◆ **YOUR OBJECTIVE**: Your answer should be only the lines below from the one with "Pavements & Construction" to the one with "Funko Pop Rugrats Reptar 227 FYE", repeated exactly, ends included.

PROVIDED RECORDS START

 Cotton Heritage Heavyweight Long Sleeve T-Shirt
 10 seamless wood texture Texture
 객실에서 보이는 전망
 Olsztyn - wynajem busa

PROVIDED RECORDS END
PROVIDED RECORDS START

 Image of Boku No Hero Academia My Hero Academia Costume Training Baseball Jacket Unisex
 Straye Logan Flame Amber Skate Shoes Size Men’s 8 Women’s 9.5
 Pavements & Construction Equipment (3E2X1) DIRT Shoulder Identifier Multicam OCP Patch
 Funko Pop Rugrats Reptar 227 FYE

PROVIDED RECORDS END

◆ **SOLVED EXERCISE**:
 Pavements & Construction Equipment (3E2X1) DIRT Shoulder Identifier Multicam OCP Patch
 Funko Pop Rugrats Reptar 227 FYE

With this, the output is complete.